Es zeigt situationsgemäß einmal überholte Industrietechnik (Olympia-Akt), dann großbürgerliche Romantik mit einem hochherrschaftlichen Treppenhaus (Antonia-Akt) und schließlich den eleganten Salon einer Edel-Kurtisane (Giulietta-Akt), allerdings ohne Venedig-Apercus. Die Welt von Lindorf, Coppélius, Doktor Miracle und Dapertutto spielt in diese Szenerie mit surrealen Momenten hinein, was das Ganze noch spannender macht (Videos: Charles Carcopino).

Olympia

Olympia

Die großflächigen und stets in diskret depressiven Pastelltönen gehaltenen Bühnenwände erinnern an die Minimalkunst des russischen Avantgarde-Künstlers Kazimir S. Malévich (1879-1935). Es passte aber alles, auch aufgrund der Lichtregie von Joel Adam, in großer dramaturgischer Homogenität zusammen und wirkte stets sehr geschmackvoll. Dazu trugen auch die aus der Zeit des Stücks stammenden Kostüme vom Regisseur in Zusammenarbeit mit Jean-Jacques Delmotte bei.

Antonia mit ihrem Vater

Antonia mit ihrem Vater

Man konnte an beiden Abenden zum Teil alternierender Besetzungen alle wunderschönen „Hoffmann“-Melodien auf das Feinste hören.
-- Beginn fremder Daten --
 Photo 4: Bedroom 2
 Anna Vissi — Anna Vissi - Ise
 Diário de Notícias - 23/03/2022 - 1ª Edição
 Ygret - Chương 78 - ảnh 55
Riccardo Frizza dirigierte das Symphonische Orchester des Gran Teatre del Liceu in stets enger Harmonie mit dem Geschehen, sodass sowohl die dramatischen Höhepunkte als auch die ruhigen und besinnlichen Momente sehr gut gelangen.

Dr. Miracle

Dr. Miracle

John Osborn war ein beeindruckender (Premieren-) Hoffmann mit stabiler Mittellage und kräftiger Höhe sowie packender Darstellung. Arturo Chacon-Cruz kam vokal nicht an diese Leistung heran, war aber schauspielerisch sehr gut. Olga Pudova war eine erstklassige Olympia mit bestechenden Höhen und dargestellt in einer wirklich puppengerecht wirkenden Bewegungsinstallation vor schwarzem Hintergrund. Ermonela Jaho sang und spielte äußerst intensiv eine gute und sehr musikalische Antonia, und sowohl Nino Sugurladze wie Ginger Costa-Jackson waren stimmlich ansprechende und laszive Giuliettas. Roberto Tagliavini konnte als Bösewicht aufgrund seines wärmeren Timbres besser gefallen als Aleksander Vinogradov. Marina Viotti war eine erstklassige und engagierte Muse und Niklausse mit farbigem Mezzo. Sie bettete Hoffmann nach seinem dritten Scheitern mit einer charaktervollen Interpretation der herrlichen letzten Verse zu den Tränen, die noch stärker als die Liebe sein sollen, assoziativ erotisch zur Ruhe…

Giulietta Akt

Giulietta Akt

Auch die kleineren Rollen waren bestens besetzt, also Crespel/Luther mit Alexey Bogdanov mit gutem Charaktertenor; Schlemihl/Hermann mit Carlos Daza mit kräftigem Bariton; Andrès/Cochenille/Frantz/Pitichinaccio mit dem gut artikulierenden Vincent Ordonneau und mit dem Nathanael von Roger Padullés. Die verstorbene Mutter Antonias ließ in einer Video-Illusion mit Laura Vila einen klangschönen Mezzo vernehmen. Adriana González war eine gute Stella. Der hervorragende Chor des Gran Teatre del Liceu wurde von Conxita Garcia einstudiert und war auch bestens choreografiert.